▶ Available records

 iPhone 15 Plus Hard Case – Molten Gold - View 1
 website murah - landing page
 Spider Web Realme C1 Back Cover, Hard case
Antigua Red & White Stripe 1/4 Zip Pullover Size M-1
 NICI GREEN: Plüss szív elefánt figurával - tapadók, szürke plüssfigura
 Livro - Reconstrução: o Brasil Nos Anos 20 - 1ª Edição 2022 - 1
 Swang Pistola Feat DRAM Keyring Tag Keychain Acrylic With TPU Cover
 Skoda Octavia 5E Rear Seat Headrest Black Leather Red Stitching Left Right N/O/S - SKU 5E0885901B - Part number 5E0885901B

* * *

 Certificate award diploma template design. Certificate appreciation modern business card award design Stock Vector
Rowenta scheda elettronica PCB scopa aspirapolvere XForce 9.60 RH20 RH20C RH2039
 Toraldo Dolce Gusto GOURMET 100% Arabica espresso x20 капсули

==

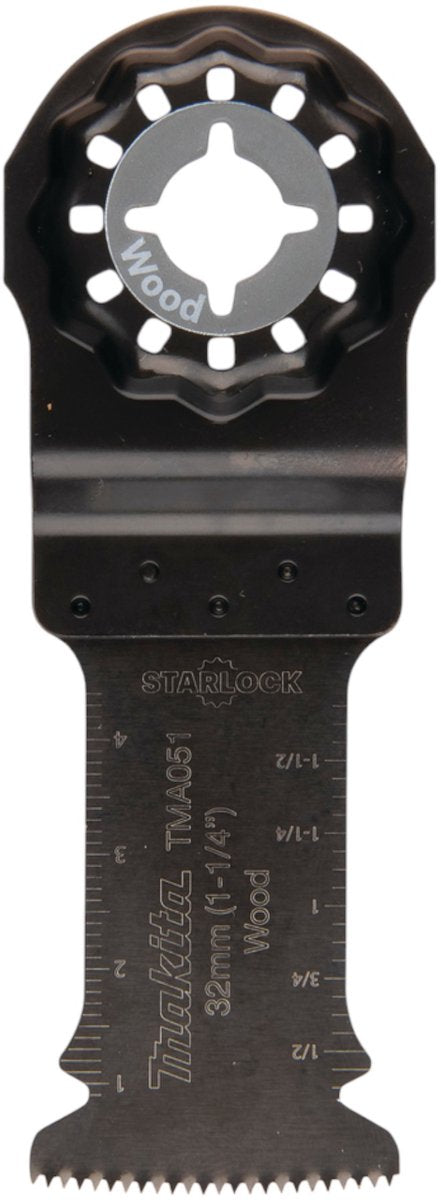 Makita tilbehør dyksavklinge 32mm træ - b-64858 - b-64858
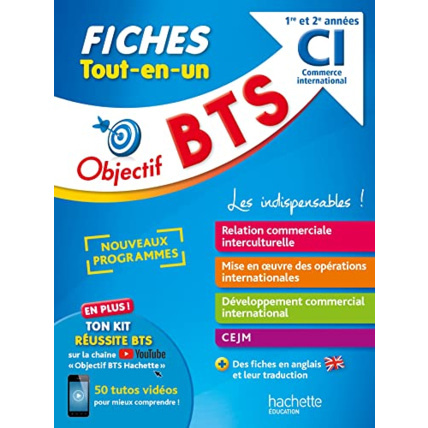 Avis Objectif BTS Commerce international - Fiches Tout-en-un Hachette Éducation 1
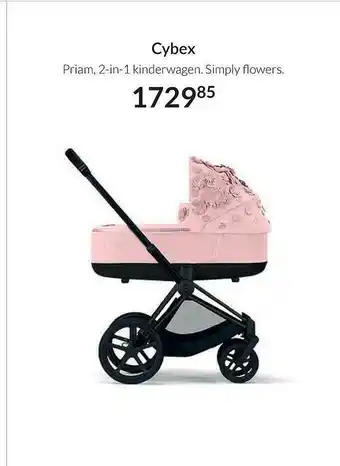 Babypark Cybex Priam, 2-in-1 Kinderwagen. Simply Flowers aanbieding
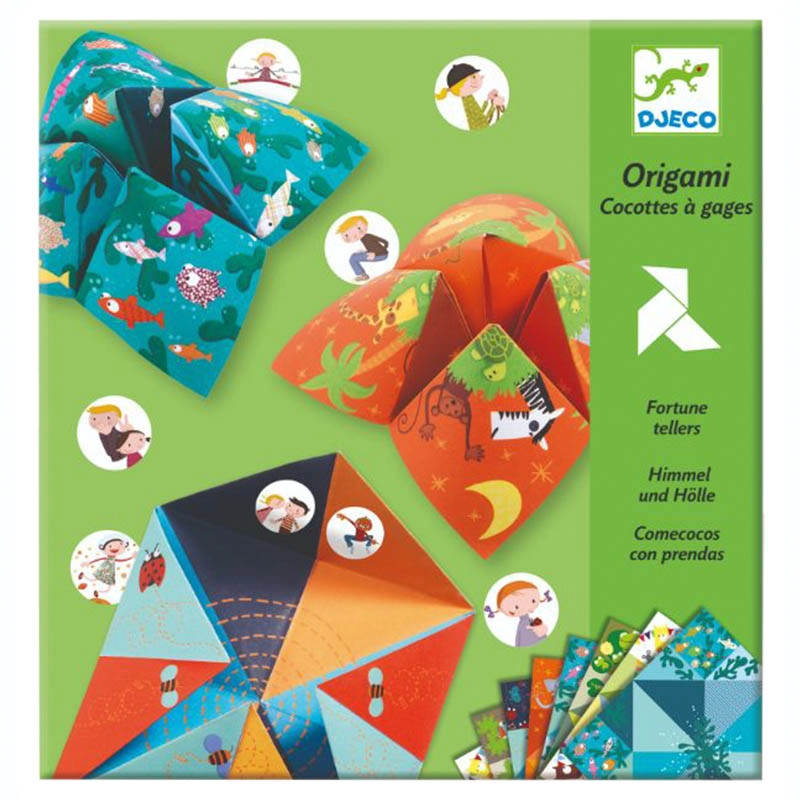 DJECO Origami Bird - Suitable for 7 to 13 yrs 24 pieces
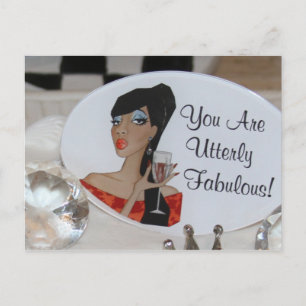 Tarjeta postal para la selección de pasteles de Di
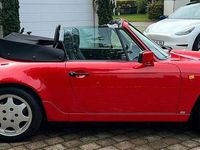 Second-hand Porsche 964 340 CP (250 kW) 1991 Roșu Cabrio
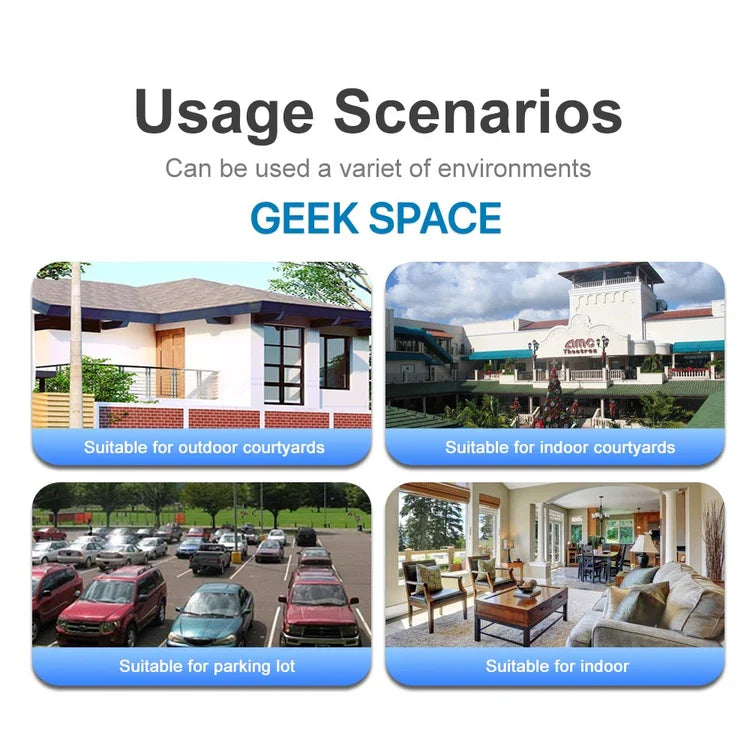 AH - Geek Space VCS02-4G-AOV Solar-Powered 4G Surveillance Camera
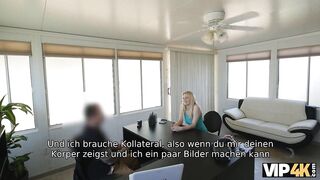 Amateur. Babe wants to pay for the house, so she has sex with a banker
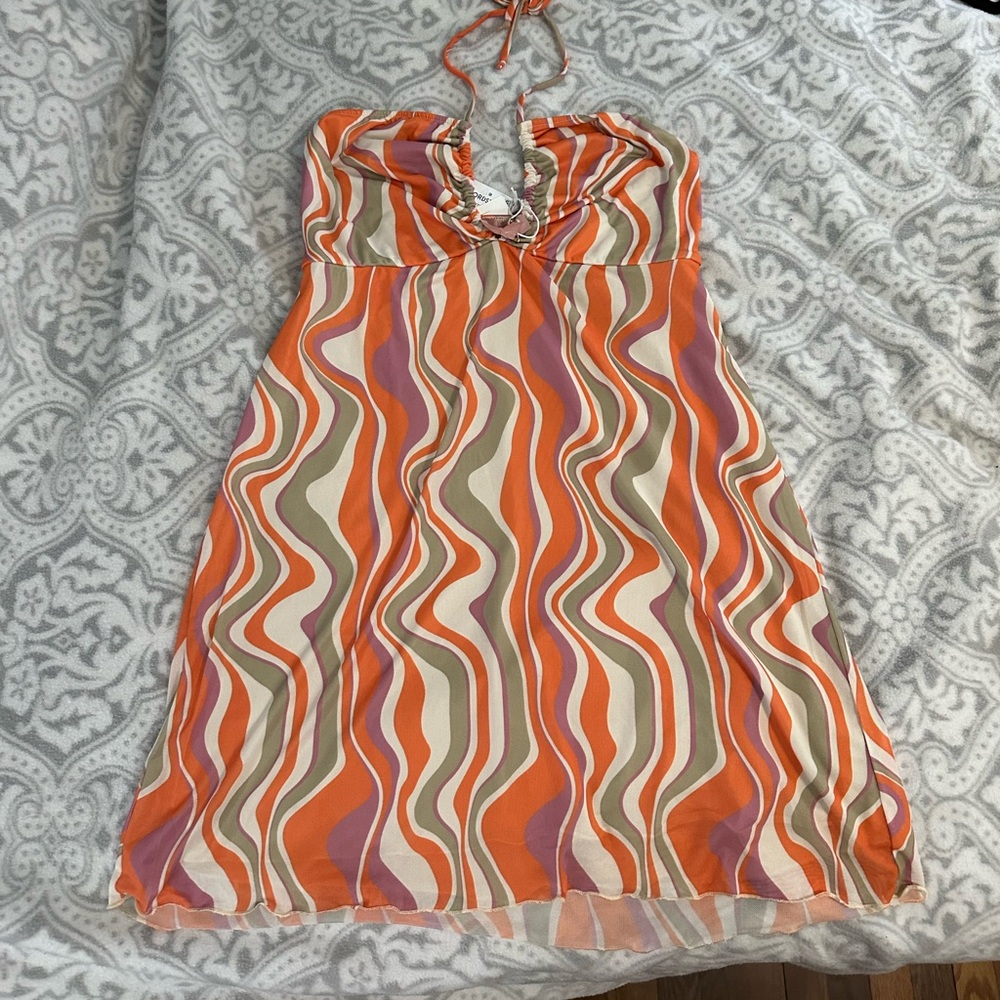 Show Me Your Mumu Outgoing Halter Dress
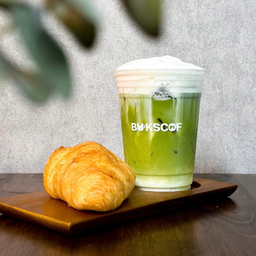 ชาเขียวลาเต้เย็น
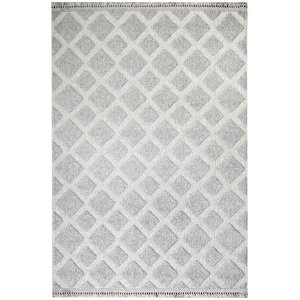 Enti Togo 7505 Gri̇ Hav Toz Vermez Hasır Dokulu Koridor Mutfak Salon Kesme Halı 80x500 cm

▶ What you need to do
Which of the lines above carry the string "Cover"? Copy every one.

▶ The answer
 Spider Web Realme C1 Back Cover, Hard case
 Swang Pistola Feat DRAM Keyring Tag Keychain Acrylic With TPU Cover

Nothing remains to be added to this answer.